Work instruction
Print, exactly as they stand, the lines below from the one that has "Titelbild: Handbook of" to the one that has "山止川行、Lang浪 - Trouble", inclusive, leaving out the pictures.

Data supplied
━━━

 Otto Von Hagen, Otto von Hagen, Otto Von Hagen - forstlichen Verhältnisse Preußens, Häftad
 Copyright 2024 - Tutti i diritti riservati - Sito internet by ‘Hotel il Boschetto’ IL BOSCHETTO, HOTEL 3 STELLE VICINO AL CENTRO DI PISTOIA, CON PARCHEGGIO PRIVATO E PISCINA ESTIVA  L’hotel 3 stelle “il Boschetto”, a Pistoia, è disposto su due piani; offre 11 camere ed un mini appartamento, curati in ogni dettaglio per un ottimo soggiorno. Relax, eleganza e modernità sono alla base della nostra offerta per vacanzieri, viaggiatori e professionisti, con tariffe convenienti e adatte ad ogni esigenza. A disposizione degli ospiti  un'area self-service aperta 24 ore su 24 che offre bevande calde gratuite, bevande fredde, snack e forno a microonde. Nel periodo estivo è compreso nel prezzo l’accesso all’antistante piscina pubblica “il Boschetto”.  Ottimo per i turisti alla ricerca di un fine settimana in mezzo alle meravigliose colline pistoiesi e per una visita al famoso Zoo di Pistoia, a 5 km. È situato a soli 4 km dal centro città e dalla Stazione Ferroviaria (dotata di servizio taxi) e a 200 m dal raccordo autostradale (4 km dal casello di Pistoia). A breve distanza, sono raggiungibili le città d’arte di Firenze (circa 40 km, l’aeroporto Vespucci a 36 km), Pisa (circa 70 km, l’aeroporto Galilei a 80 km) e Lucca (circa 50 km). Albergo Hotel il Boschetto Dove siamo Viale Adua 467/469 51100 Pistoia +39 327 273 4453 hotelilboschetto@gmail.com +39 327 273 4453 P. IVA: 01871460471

━━━

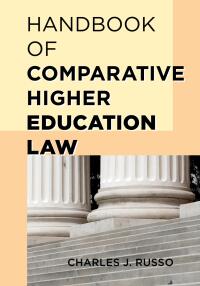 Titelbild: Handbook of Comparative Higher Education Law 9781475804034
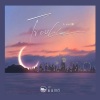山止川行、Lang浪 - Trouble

━━━

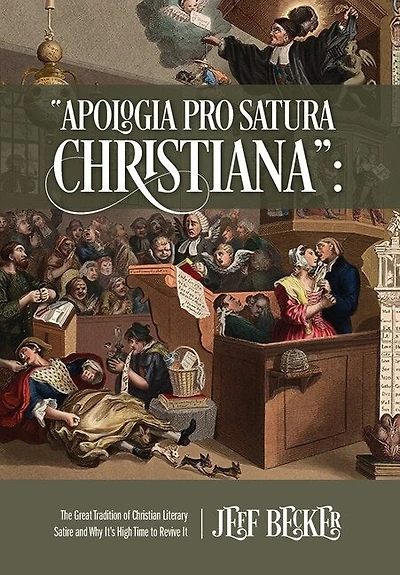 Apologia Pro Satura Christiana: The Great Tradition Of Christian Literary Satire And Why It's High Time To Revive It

━━━

Solved exercise
 Titelbild: Handbook of Comparative Higher Education Law 9781475804034
山止川行、Lang浪 - Trouble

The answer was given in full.